“I come to the conclusion that the CRDT is not pulling its (considerable) weight. When I think about a future evolution of xi-editor, I see a much brighter future with a simpler, largely synchronous model, that still of course has enough revision tracking to get good results with asynchronous peers like the language server.”
Peritext is the only one that came close to solving rich-text, but even that one left out important aspect of rich-text editing like handling list & table operations as "work to be done later".
For people interested on why it's difficult to build CRDTs for richtext, here's a piece I wrote a year back: https://writer.zohopublic.com/writer/published/grcwy5c699d67...
Related HN discussion: https://news.ycombinator.com/item?id=29433896
> Even long edit histories barely compare to the memory savings Zed obtains from not being built with Electron.
I got a good chuckle out of this. Speaking of performance, I think it’s I nteresting that ms word and google docs are still using OT rather than CRDT. The goog version seems to work well but I have had nothing but frustration with ms word. Bad merges and weird states are typical, particularly from the fat client.
Anyone else interested in the background of OT vs CRDT might find this thread useful: https://news.ycombinator.com/item?id=18191867
(The picture has the name wrong. Maybe intentionally, as some kind of typo which one wants to edit out, hinting at multiple people editing a document?)
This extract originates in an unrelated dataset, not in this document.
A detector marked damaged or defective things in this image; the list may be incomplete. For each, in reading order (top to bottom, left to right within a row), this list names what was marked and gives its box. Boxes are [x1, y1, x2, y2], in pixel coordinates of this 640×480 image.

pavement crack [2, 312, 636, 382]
Traditional databases (e.g. sql databases and key-value stores) treat the database as a blob of data. This makes multi-player updates very difficult, as reconciling differences in real-time is a hard problem, hence the invention of CRDTs. My new database, however, treats the data as a series of events. In the example of a text editor, the stream of events might be something like: User 1 connected, User 1 pressed key a, User 2 connected, User 2 pressed b, User 1 disconnected, etc.
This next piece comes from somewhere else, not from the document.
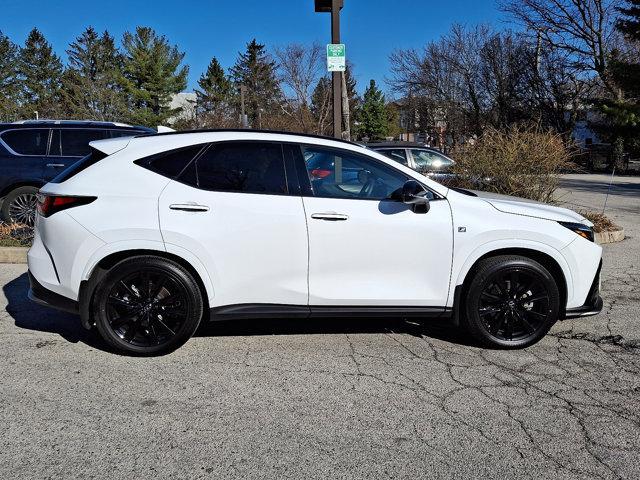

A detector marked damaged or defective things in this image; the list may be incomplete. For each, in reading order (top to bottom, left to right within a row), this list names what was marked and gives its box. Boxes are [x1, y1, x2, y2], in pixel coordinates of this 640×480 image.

cracked asphalt [0, 174, 636, 478]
In addition to the stream of events, application developers also provide an "engine" that converts the stream of events into a blob of data. The engine runs locally on each connected client. When a client connects to the database, they fetch the engine from the database server. The client then receives the stream of events from the database server in real-time. When a client generates an event, it gets inserted into the local engine immediately and also gets broadcasted to the server. The server then broadcasts the event to other connected clients.
The most important part that makes this work comes from a technique called rollback netcode. Events in the stream are ordered and undo-able. When a connected client generates an event, they insert it into their local engine immediately, but other clients are also generating events simultaneously. If all clients optimistically inserted events locally, the event order would differ across clients. To solve this, the engine automatically will undo events when new events come in from the server. The engine then applies the received event in its proper place and reapplies all the undone events on top. The result is that all users have a consistent view of the data.
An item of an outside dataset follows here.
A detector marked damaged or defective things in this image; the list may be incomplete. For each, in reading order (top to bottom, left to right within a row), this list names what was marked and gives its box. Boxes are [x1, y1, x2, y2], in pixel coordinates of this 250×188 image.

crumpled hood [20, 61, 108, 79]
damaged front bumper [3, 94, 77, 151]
The logic of an engine looks something like this:
1) When User X connected, set X's cursor position to offset 0.
2) When User X types a letter, insert text at User X's cursor offset and increase User X's cursor offset by 1. Also increment the cursor offset of all other connected users if their cursor offset is > User X's.
And that's it for a basic insert-only text editor. You can see that applying all the events in order yields the correct state. Adding a moveable cursor and the ability to remove text is also trivial. Basically just the opposite of 1 and 2 above. The whole engine can be implemented in like 100 lines of code and is very easy to reason about.
It just sounds like a recipe for a Sketch situation where it's really just a Mac app and web (and other platforms) is a second class citizen.